L'empereur, en donnant à l'armée des soins aussi attentifs, ne négligeait cependant pas le peuple. Il rechercha par des actes nombreux les sympathies de la classe ouvrière. La politique de Rome contenait la multitude en lui donnant du pain et des spectacles; Napoléon III eut pour objet constant de lui procurer du travail, d'élever son salaire, d'accroître son bien-être et ses jouissances, d'endormir dans les douceurs d'une vie plus aisée l'esprit d'indiscipline et de révolte, déjà si fatal à plusieurs gouvernemens. Pour atteindre ce but, il donna un essor immense à tous les travaux publics et privés; une partie de la France fut démolie et reconstruite. La fièvre des boulevards, des squares, des places, se répandit de Paris dans les villes les plus obscures. On élargit les rues, on créa des promenades, on couvrit le sol de bâtimens. A côté de travaux utiles et féconds, on entreprit des œuvres stériles et coûteuses; mais le travail abonda, l'ouvrier fut payé plus cher, et, il faut le reconnaître, son existence devint plus facile.

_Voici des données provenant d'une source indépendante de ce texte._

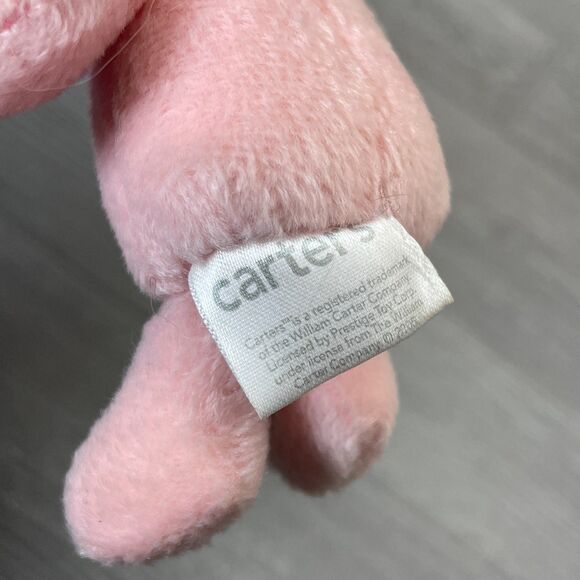 Carters Pink Bunny Rabbit 5in Finger Puppet Purple Bow Plush Stuffed Animal Toy - Picture 6 of 7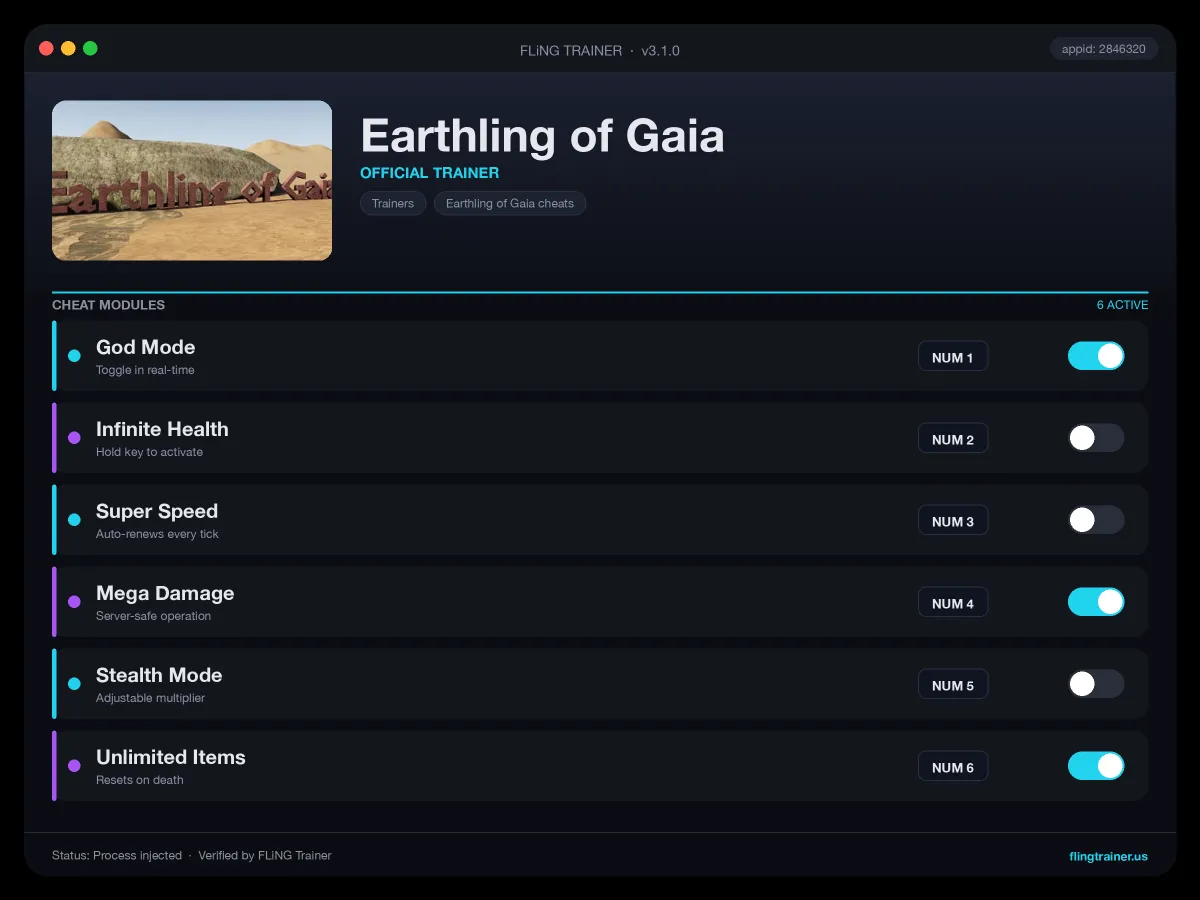Earthling of Gaia Trainer interface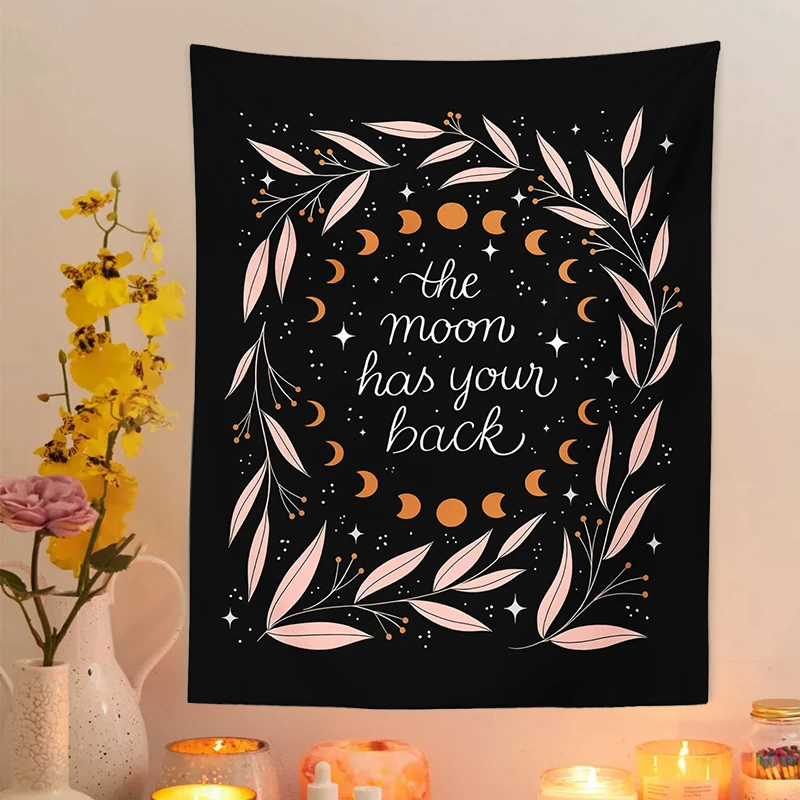 Настенный гобелен с Лунной фазой фон оливковыми листьями психоделический цветок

La vie à bon marché était aussi un des rêves de l'empereur. Il n'eut pas le bonheur de le réaliser, car sous son règne la cherté devint plus grande, et le prix des loyers atteignit des hauteurs inconnues jusque-là. Il essaya néanmoins d'apporter une sorte de soulagement par l'application des théories économiques du libre échange. En supprimant les droits qui frappaient les produits des autres pays, en détruisant les prohibitions établies par le système de la protection, il espéra procurer à meilleur marché les matières et les denrées, en même temps qu'il favorisait l'extension des opérations commerciales et le perfectionnement de l'industrie. On sait comment aboutit cette réforme : très prônée par les uns, très attaquée par les autres, elle fit baisser le prix de quelques denrées, enrichit certaines industries, ruina les autres, et produisit dans le pays une quantité de bien et de mal dont il est encore difficile d'apprécier exactement la mesure. Le libre échange a peut-être le tort de toutes les formules absolues. Il n'a pas plus le privilége de convenir à toutes les industries que la saignée et l'eau chaude ne conviennent à tous les tempéramens. Les théories de la protection et du libre échange sont chacune de leur côté incomplètes et critiquables. La première ne songe qu'à l'intérêt du producteur, tandis que la seconde se préoccupe exclusivement du consommateur. La vérité ne serait-elle pas entre les deux ? ne consisterait-elle pas dans un égal mélange des principes des deux systèmes fait avec bon sens et appliqué en dehors de toute préoccupation d'école?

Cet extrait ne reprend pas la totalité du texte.